The so-called non-starter lactic acid bacteria (NSLAB) participate in the development of the final organoleptic properties of fermented dairy products [2]. NSLAB may be present in the milk itself, be part of the flora of dairy facilities or be added to fermentations as adjunct cultures [3]. These bacteria are frequently facultative, heterofermentative lactobacilli belonging to the species Lactobacillus casei/paracasei, Lactobacillus plantarum or Lactobacillus curvatus [4, 5]. Leuconostoc may be involved in the development of aroma components [6]. There is increasing interest in the characterization and use of NSLAB from artisanal products for use in tailored cultures to be employed in the manufacture of dairy products with ‘protected geographic indication’ (PGI) status. Their use would help maintain their typical organoleptic characteristics [6–9].
The long and safe history of the use of LAB in dairy products has resulted in the assignment of Qualified Presumption of Safety (QPS) status [awarded by the European Food Safety Authority (EFSA)] to the majority of LAB. However, some properties and enzymatic activities can generate undesirable flavors [10] or even toxic compounds such as biogenic amines (BA) [11], the presence of which should be avoided in dairy products.
BA are low molecular weight nitrogenous compounds formed by the decarboxylation of certain amino acids that may be present in foods. The consumption of foods with high BA concentrations may cause intoxications manifested as headache, nausea or vomiting, alterations in blood pressure, rashes, etc. [12]. Cheese is the fermented food most commonly associated with BA poisoning; indeed, the term cheese reaction was coined to refer to it [13]. Tyramine, putrescine and histamine are the most commonly encountered and abundant BA, in cheese [11, 14, 15]. Certainly, cheese provides an ideal matrix for the production and accumulation of BA since the amino acid substrates required are made easily available by casein proteolysis, and the low pH favors decarboxylase gene transcription and enzyme activity [11]. Further, cheese naturally contains milk-derived Gram positive LAB, generally of the genera Lactobacillus and Enterococcus, which possess decarboxylating activity [11, 16]. BA-producing strains have also been described among the species most commonly used as dairy starters, such as L. lactis, S. thermophilus and Lactobacillus delbrueckii [17–19]. BA producers may also enter dairy products via contamination [20, 21].

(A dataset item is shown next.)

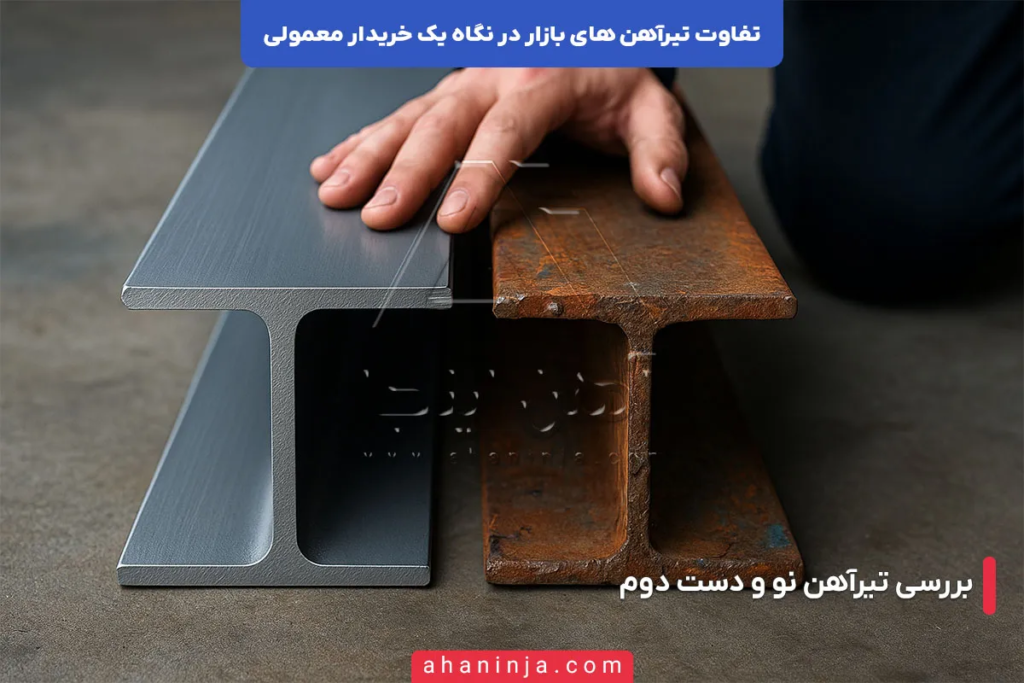 تفاوت تیرآهن های بازار در نگاه خریدار معمولی 5 تفاوت تیرآهن های بازار در نگاه خریدار معمولی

The selection of starter strains with no BA-producing capacity would be a good starting point for reducing BA accumulation in dairy products [22]. Different methods have been devised for assessing the capacity of LAB to produce BA, including the use of differential media and pH indicators [23]. Unfortunately, the strong acidification of the medium occasioned by harmless LAB can result in false negatives. Moreover, these methods target the presence of amino acid decarboxylases and do not test the presence of deimination routes involved in the production of some BA such as putrescine [11]. Analytical methods that directly detect BA compounds in culture supernatants after incubation with an amino acid precursor have also been commonly used [24, 25]. However, culture-independent methods based on PCR techniques, aimed to detect the genetic determinants involved in the synthesis of BA, are now regarded as the most suitable for screening collections of isolates [26]. Agreement between the results obtained by analytical and molecular methods strengthens the case for the use of the latter [27, 28].
In the present work, Ultra-High-Performance Liquid Chromatography [(U)HPLC] and PCR methods were used to examine the capacity of 137 LAB strains (four genera, nine species), isolated from artisanal cheeses, and all with potential for use in dairy starter or adjunct cultures designed for the production of artisanal cheeses with PGI status, to produce histamine, tyramine, putrescine and β-phenylethylamine.
Materials and methods
Bacterial strains
One hundred and thirty-seven strains isolated from different artisanal cheeses [29, 30], identified by comparison of partial 16S rRNA gene sequences, and belonging to four different genera—Lactococcus, Streptococcus, Leuconostoc and Lactobacillus—were assessed for their capacity to produce BA (Table 1). L. lactis, S. thermophilus and Leuconostoc mesenteroides strains were grown statically in M17 (Oxoid) supplemented with 0.5 % glucose and 0.5 % lactose (w/v) at either 30 (L. lactis, L. mesenteroides) or 37 °C (S. thermophilus strains). All Lactobacillus strains, which belonged to six species (Table 1), were grown statically in MRS (Oxoid) at 30 °C, except those belonging to L. delbrueckii which were grown at 37 °C.
In vivo BA production capacity
BA production was assessed in triplicate in culture supernatants of the LAB strains grown for 24 h in 10 ml M17 or MRS broth supplemented with 1 mM tyrosine (M17/MRS-T), 1 mM histidine (M17/MRS-H), 1 mM ornithine (M17/MRS-O) or 1 mM agmatine (M17/MRS-A). Both ornithine and agmatine are precursors of putrescine, although via different pathways. Tyramine, histamine and putrescine detection was performed as previously described [31] after the centrifugation of the cultures (2000×g for 15 min) and filtering of the supernatant through a 0.2-μm pore diameter membrane (Pall, USA), followed by derivatization of 100 μl with diethyl ethoxymethylene malonate. Derivatized samples were analyzed by (U)HPLC in a Waters H-Class ACQUITY UPLC apparatus with a UV detector (Waters, USA) controlled by Empower 2.0 software (Waters), under the conditions described by Redruello et al. [32].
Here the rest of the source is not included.